A Anistia lembra em seu texto que a "retórica tóxica e desumanizadora está criando um mundo mais dividido e perigoso", no qual se debilitou perigosamente a resposta global às atrocidades maciças.
Para Shetty, 2016 foi "um ano no qual o uso cínico de uma retórica do 'nós contra eles' em discursos de culpa, ódio e medo adquiriu prominência global em uma escala nunca vista desde a década de 1930".
A organização denunciou concretamente líderes como o húngaro Viktor Orbán, o turco Recep Tayyip Erdogan, o filipino Rodrigo Duterte e o americano Donald Trump, "que dizem ser antissistema e têm uma agenda tóxica que persegue, transforma em bodes expiatórios e desumaniza grupos inteiros de pessoas".
O relatório documenta como 36 países violaram o direito internacional ao devolver ilicitamente refugiados a países onde seus direitos humanos corriam perigo.
A Anistia também expressou sua preocupação pelo chamado "veto muçulmano" de Trump, revogado nos tribunais, contra cidadãos de sete países de maioria islâmica, que dificulta aos solicitantes de asilo a busca por um refúgio seguro.
Além disso, lembrou que China, Egito e Turquia lançaram "campanhas maciças de repressão" e que em países europeus, como a França, continua em vigor o estado de emergência, que limita muitas liberdades fundamentais.
Por isso, e pela ausência de liderança em direitos humanos, a AI previu que em 2017 "veremos agravar-se as crises em curso", assim como a substituição do multilateralismo por "uma ordem mundial mais agressiva e belicosa".
Esse vazio motivou a ausência de resposta aos massacres na cidade síria de Aleppo, a morte de milhares de pessoas na "guerra contra as drogas" nas Filipinas e o uso de armas químicas em Darfur (Sudão).
O diretor para a Europa desta organização de defesa dos direitos humanos, John Dalhuisen, se mostrou especialmente preocupado pela adoção do discurso de ódio por partidos supostamente moderados, que adotam a agenda dos líderes xenófobos e ultranacionalistas para concorrer com eles nas urnas.

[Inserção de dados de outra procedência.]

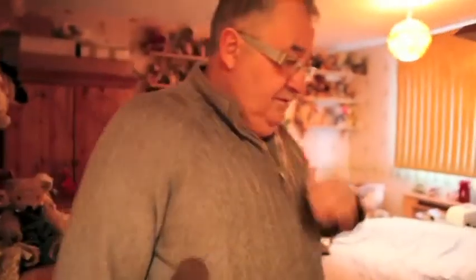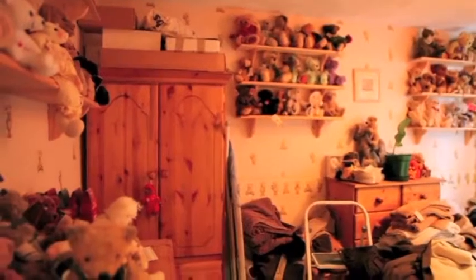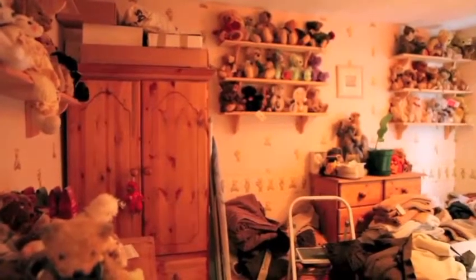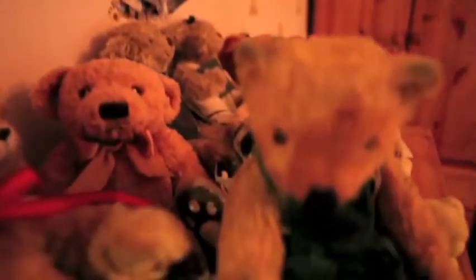This is one of the other rooms — messy at the minute, but it's a teddy bear room. My wife keeps all the teddy bears. Are you collecting teddy bears? The wife does, yeah. There's 250 in there. She's got many Steiffs and all sorts — Deans, Merrythought. There's a mixture of all sorts. Bears everywhere.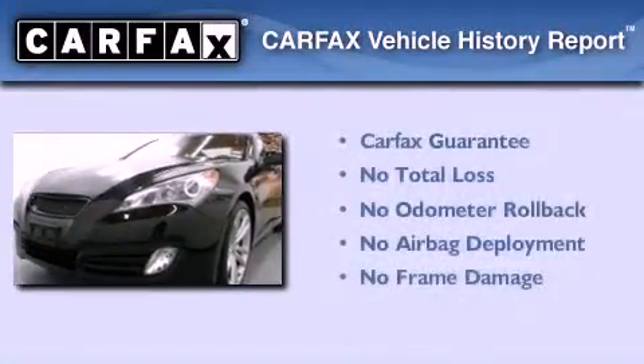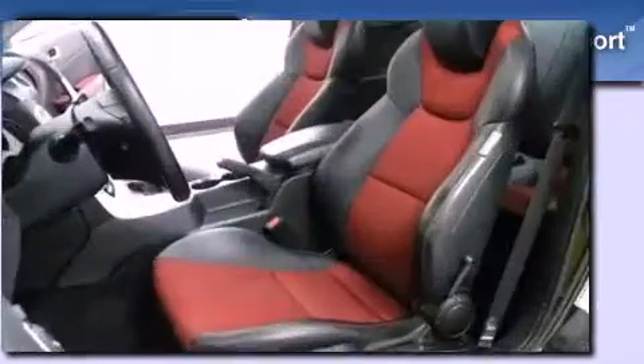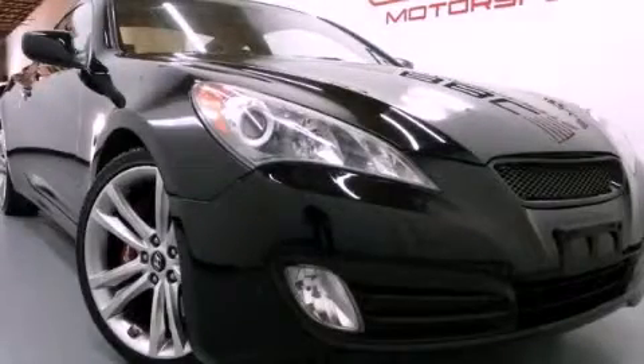Not to mention that this Hyundai qualifies for the Carpax Buyback Guarantee. This automobile won't last long at this price. Call and arrange a test drive now.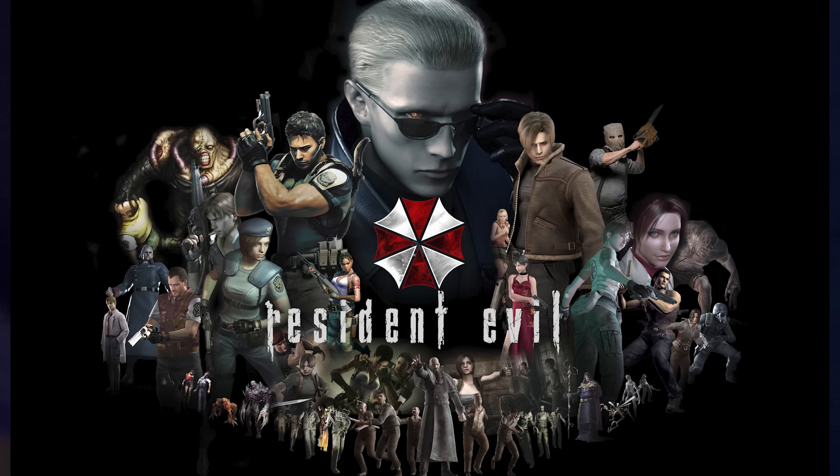This is going to be a timeline of events in the main games of Resident Evil.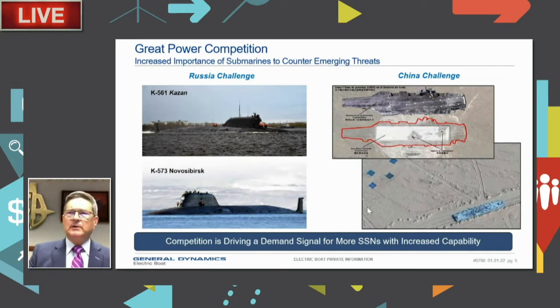On the China side, open-source documentation shows them testing capabilities in the deserts of China — including a Nimitz class carrier silhouette used as a target. They are developing hypersonic missiles designed to target U.S. Navy and allied surface ships. Our submarines represent an asymmetric threat to China as they continue to threaten Taiwan. Combined, the threats from Russia and China define our sailors' needs: for Russia, improved sensors, stealth, and longer-range weapons; for China, speed, longer range, and more payload.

"Os alvos na Europa são sempre os imigrantes e os muçulmanos. Na luta contra o terrorismo vemos medidas contra a liberdade de expressão e que não respeitam a presunção de inocência", ressaltou Dalhuisen, que considerou essa situação "um presságio aterrorizador sobre o que pode vir nos próximos anos".
A Anistia considera a identificação entre refugiados e terroristas como uma das coisas mais perigosas deixadas por 2016 porque, além disso, não parte de nenhuma evidência.

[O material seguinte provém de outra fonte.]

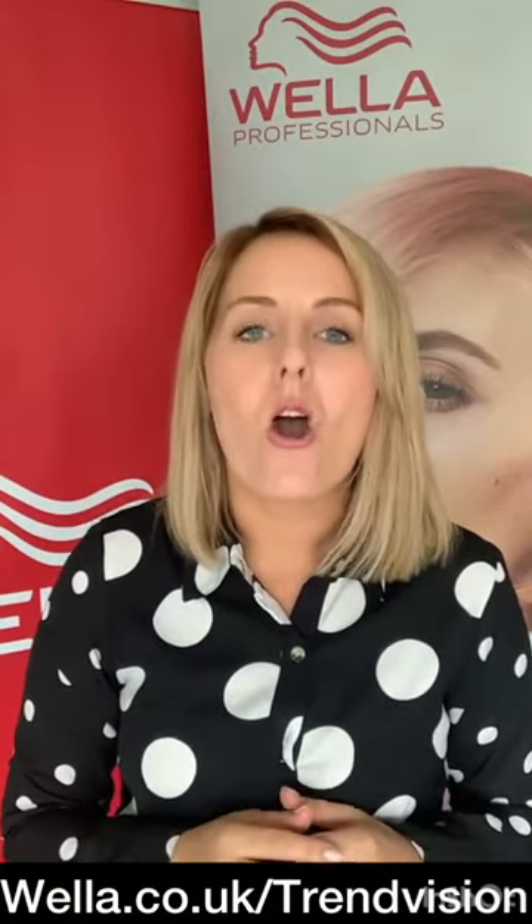Hi everyone, we're back with you with the frequently asked questions surrounding the TrendVision submissions. In this video, I've clustered together all of your frequently asked questions. However, make sure that you check your competitor brief for the specifics surrounding your category. You can find this in an email sent by us or you can see this at wella.co.uk/TrendVision.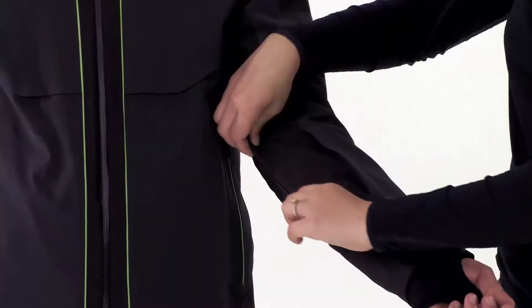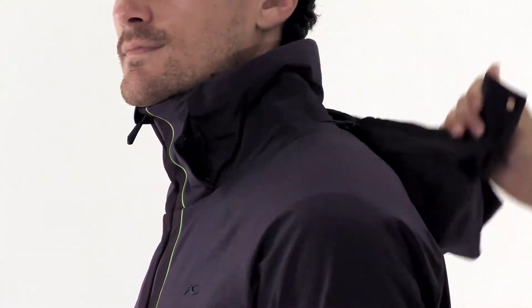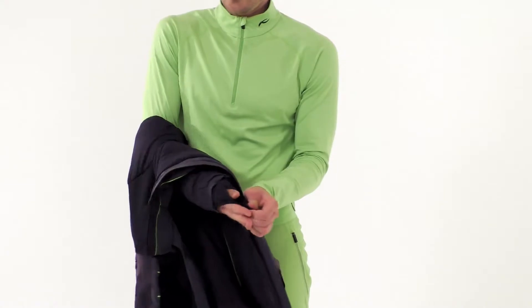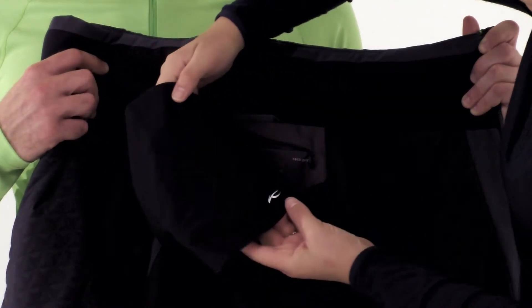Some features of this jacket include the famous Shoes AC vent system on the forearm, which works to quickly cool you down when needed. Others include a removable hood, 3D foam application, an inner snow gaiter, media pocket, hidden neck warmer, and an eyewear cleaner.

Apesar de tudo, Shetty pediu para "não sermos fatalistas" porque a mensagem do relatório também quer deixar claro que "ali onde fracassam os líderes, as pessoas devem lutar contra a política da desumanização".
O "sério déficit de liderança" só poderá ser compensado com a mobilização popular, apesar de em 2016 terem sido registradas mortes de defensores dos direitos humanos em 22 países.
O secretário-geral da AI destacou em declarações à Agência Efe o exemplo da grande manifestação do fim de semana passado em Barcelona em favor dos refugiados.
"A maioria das pessoas, se as coisas lhes forem bem apresentadas, acredita que é sua responsabilidade proteger os refugiados da Síria. É tudo uma questão de como a questão é apresentada", ponderou Shetty.